Friday, 25 May 2012

The ultimate environment for meditation?

The practice of shavasana at the end of an asana practice is a part of the practice of pratyahara, or withdrawal of the senses.  In our modern world we are generally bombarded with sensory stimulas, in the form of a sea of people each with their own facial expressions and body language to process, advertisements pasted on every inch of available eye-level real-estate, ear-buds in our ears blaring the newest dub-step, and constant movement of our bodies though an artificially constructed environment.
This over-stimulus over-stresses

This leads to an imbalance in the sympathetic nervous system (or tension or concentric movement) relative to the parasympathetic (or relaxation or eccentric movement) and makes us, in colloquial terms, 'stressed-out.'  This is why we often want to slow down our movements in yoga, for things like kick-backs, so that we can engage the parasympathetic nervous system through controlled relaxation of our muscles.  This is the 'flow' part of vinyasa, utilizing the eccentric part of the movement to slow the movement down and keep the vinyasa under control at all times.

If some of these words (eccentric, parasympathetic) are not in your vocabulary then you should probably be doing more reading on physiology.

Another way to combat over-stimulation is to withdrawal from our senses, to disengage our mirror neurons, and focus inward onto our own body and mind.  This is pratyahara. For meditation, I often prefer to lay in shavasana a la yoga nidra rather than sit in lotus. I have some posture issues, namely upper back cross syndrome due to excessive computer usage ::cough:: which I am working on, that make relaxed seated pose not all that relaxed.  As such, I read with interest an article on the use of dark, quiet salt water tanks for floating to induce maximum sensory deprivation.

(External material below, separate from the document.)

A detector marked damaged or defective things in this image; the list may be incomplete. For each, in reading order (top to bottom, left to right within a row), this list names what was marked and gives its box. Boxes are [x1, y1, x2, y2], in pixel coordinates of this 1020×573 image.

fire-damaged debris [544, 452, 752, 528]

Essentially, the therapy entails floating in a shallow, warm salt-water tank in a darkened room with ear-plugs in.  The idea is to completely shut down all stimulus to the sensory system and thereby force you to focus inward onto yourself.  The text describes the author's somewhat mystical experiences, which understandably are not uniformly positive! This particular place is located in Portland, OR. Some quotations from practitioners,
“Normally my head is several different radio stations playing at once,” explains tattoo and comic artist Levi Greenacres. But in the tank, he found relief: “With the lack of sensory stimulation to intake and compute, I discovered an inert state of un-ness, the need to think, feel, and feed completely abolished. The quiet in there is total comfort.”
“After floating I feel very open and calm, and less prone to distractions,” says illustrator Natalie Phillips. “The better I feel emotionally or physically, the better I am able to focus.”
Sounds interesting, especially if paired with the practice of meditation. Meditation is part of my practice that is definitely a work in progress.  I struggle with sleeping and have my whole life. I often feel like my brain is 'fizzing' away like an alka-seltzer tablet fired through a meat-pie.

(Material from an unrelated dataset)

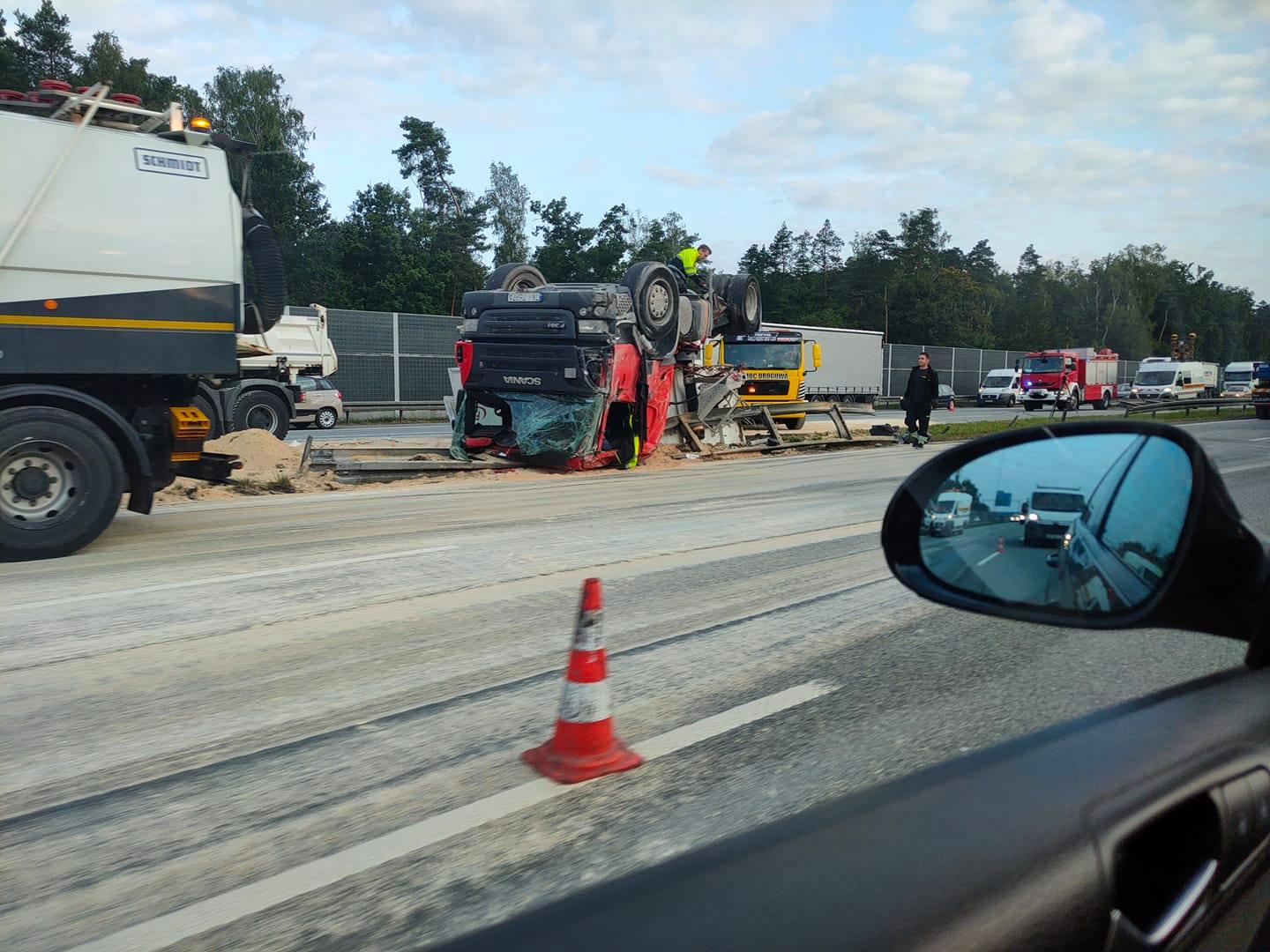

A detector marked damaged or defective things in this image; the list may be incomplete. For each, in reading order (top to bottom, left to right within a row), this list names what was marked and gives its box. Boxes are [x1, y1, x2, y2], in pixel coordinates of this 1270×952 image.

overturned red truck [452, 261, 757, 469]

Oh, you haven't heard that metaphor before?  Here's the visual evidence:

As a sub-clinical introvert, I am just a tad overstimulated thanks to the combination of internet and high population density.  Being solitary in the woods is something that's been wonderful for me as an introvert.  This floating technique sounds promising as well.

Has anyone out there in cyberspace experienced this?  Any thoughts?